Mixers: Mini-Circuits ZLW-2 and ZRDP-1.
Output frequency: 1 MHz in both setups.

The (near) homodyne configuration

Configuration summary: 50 MHz RF → 49 MHz LO → 1 MHz output → 1.2 MHz LP.

Input signal is at 50 MHz.
LO is at 49 MHz.
The difference product is 1 MHz. This is why I call it near homodyne since we do not directly downmix to DC. This has been done to use an existing measurement setup that was not capable of performing measurements below $9 kHz$.
The sum product is 99 MHz.
A 1.2 MHz low-pass is used at the output

The low pass filter removes the 99 MHz sideband completely. Only one image survives. The 1 MHz output signal sees only the noise that was sitting around the 50 MHz RF signal, translated down. No folding happens.

Experimental data

The heterodyne configuration

Configuration summary: 50 MHz RF → 28.6 MHz LO → 21.4 MHz IF (BP filter) → 20.4 MHz LO → 1 MHz output → 1.2 MHz LP.

First stage

Input signal is at 50 MHz
First stage LO is set to 28.6 MHz
The difference produces two sidebands, one at $f_\text{RF}-f_\text{LO} = 21.4 \text{MHz}$, one at $f_\text{RF}+f_\text{LO} = 78.6 \text{MHz}$

One has to consider though that for an input near 50 MHz, there are two possible RF bands that could map to 21.4 MHz IF. Once the desired 50 MHz band but also the image band at 7.2 MHz. In this case one can simply filter the image band to prevent noise contributions.

Second stage

Input signal is at 21.4 MHz (the intermediate frequency)
The local Oscillator operates at 20.4 MHz (LO)
The mixer thus generates:
- $f_\text{IF} - f_\text{LO} = 1 MHz$
- $f_\text{IF} + f_\text{LO} = 41.8 MHz$ (that is filtered by a low pass)

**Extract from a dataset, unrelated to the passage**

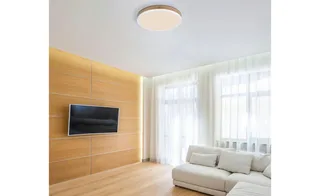 LED-loftslampe Doro Ø 45 cm træ mørk/hvid fra Globo i Hvid, Donker hout – produktbillede 3 af 3
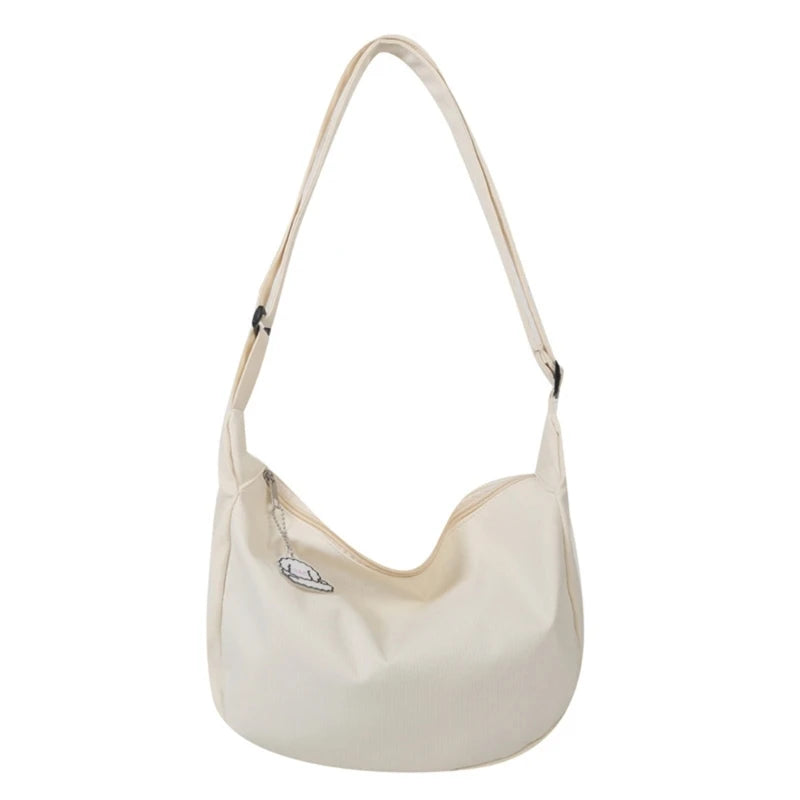 Lightweight Nylon Shoulder Bag with Pendant Crossbody Bags for Women Perfect for School Commuting and Shopping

One has to consider again that for an desired output of 1 MHz and a LO os 20.4 MHz there are two sidebands that map to the same output frequency of 1 MHz:

21.4 MHz via $f_\text{LO} + 1 MHz$
The image frequency at 19.4 MHz via $f_\text{LO} - 1 MHz$

Depending on the intermediate filter both sidebands fold onto the same 1 MHz sideband. Due to the small difference those are usually not filterable the same way - thus noise doubles (the PSD doubles). The signal on the countrary does not double since only one actual tone maps to the output sideband. This means that SNR drops by 3 dB

Comparison

In the homodyne to 1 MHz case, the low-pass (LP) filtering ensures that only one image survives (i.e. no folding takes place). In the heterodyne first stage, the 21.4 MHz bandpass selects only one image (no folding). But in the heterodyne second stage, the filter is usually wide enough that both sidebands (19.4 MHz and 21.4 MHz) go into the second mixer. At 1 MHz output, they land on top of each other, thus the occuring folding induces a $-3 dB$ drop of SNR.

Possible countermeasures

If one had used an I/Q demodulator or I/Q mixer at the second stage (two mixers with LO phases shifted by 90° against each other, outputs combined as complex baseband), then you’d be able to distinguish +1 MHz from -1 MHz at baseband. Thus folding would not occur, and the $-3 dB$ SNR loss would vanish.

Conclusion

Mixers shift frequencies, but they also influence how noise is mapped:

Noise PSD is invariant under frequency translation.
If you reject the image, SNR is preserved (apart from conversion loss).
If both images overlap (folding), noise doubles because noise is present in the desired and the image band but signals are only present in the desired band; SNR degrades by 3 dB.
Phase noise of the LO can further raise the noise floor which is often the dominant source of noise.